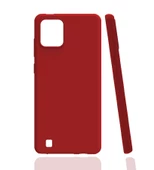 Realme C11 2021 Kılıf Zore Biye Silikon Kılıf - 7
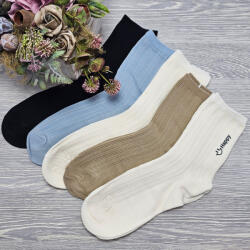 Aura Via Női bordás zokni 5 pár/cs NZX1926 35-38 72365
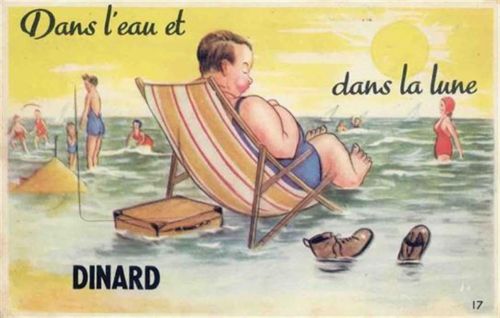 Dinard Dinard (Frankreich) Leporello I-II (Ecken abgestossen)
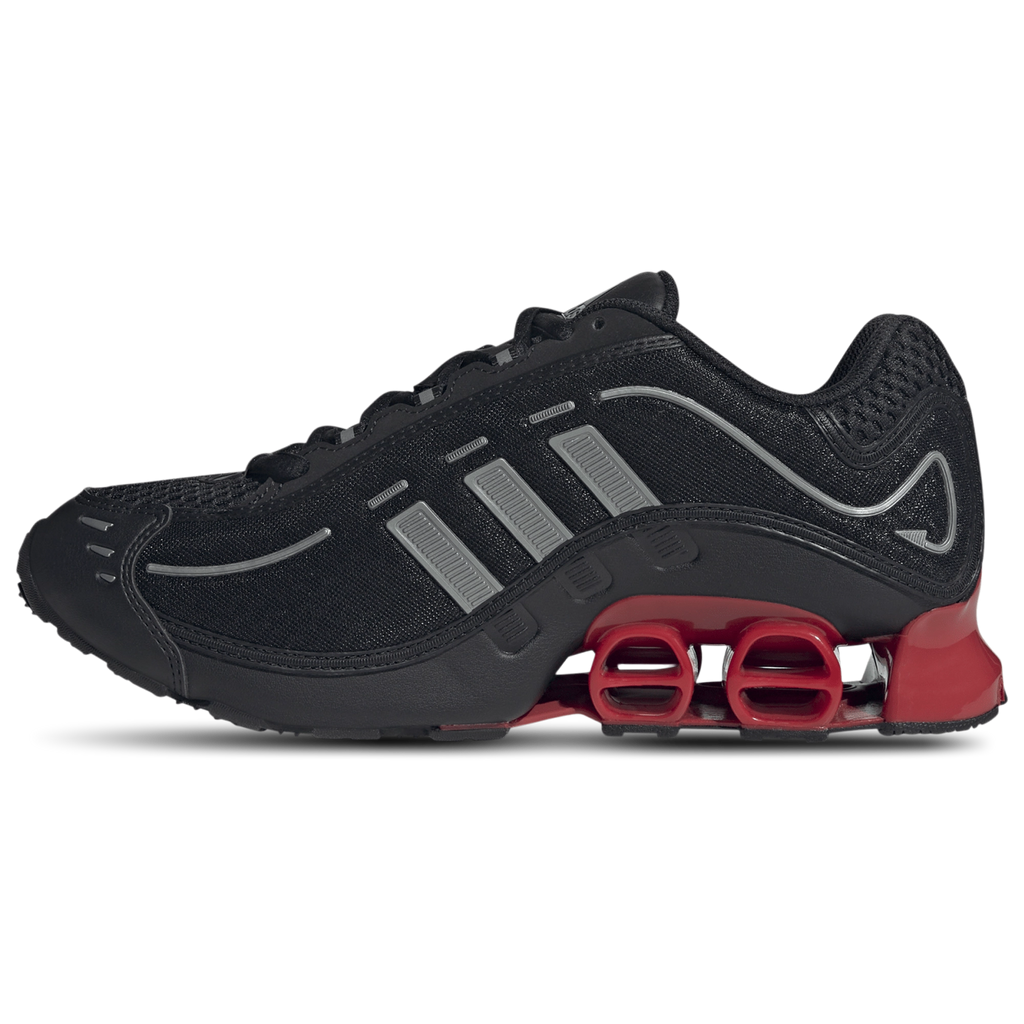 [JH7925] MENS ADIDAS MEGARIDE 01 'BLACK BETTER SCARLET'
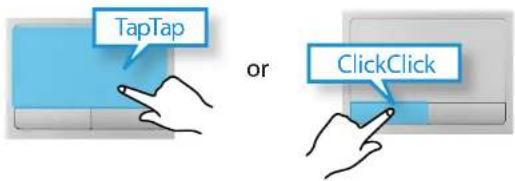 TapTap or ClickClick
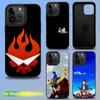 Чехол для телефона Гуррен Лаганн Для iPhone 16 15 14 13 12 11 Pro Mini Max Мягкая магнитная крышка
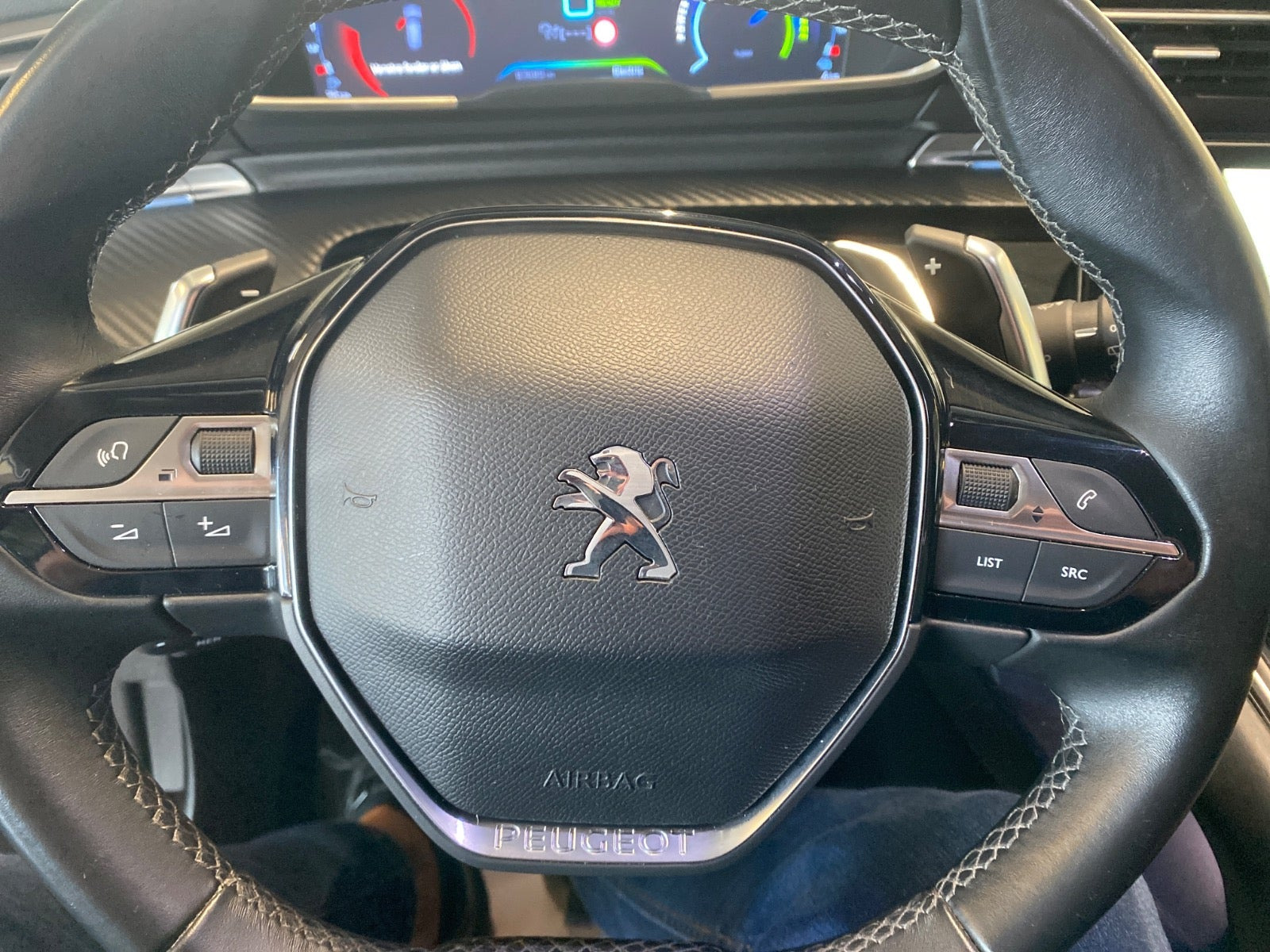 Sort Peugeot 508 fra 2021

■ Work required:
The records above, minus their pictures, are to be returned verbatim.

■ Answer space:
 Realme C11 2021 Kılıf Zore Biye Silikon Kılıf - 7
 Aura Via Női bordás zokni 5 pár/cs NZX1926 35-38 72365
 Dinard Dinard (Frankreich) Leporello I-II (Ecken abgestossen)
 [JH7925] MENS ADIDAS MEGARIDE 01 'BLACK BETTER SCARLET'
 TapTap or ClickClick
 Чехол для телефона Гуррен Лаганн Для iPhone 16 15 14 13 12 11 Pro Mini Max Мягкая магнитная крышка
 Sort Peugeot 508 fra 2021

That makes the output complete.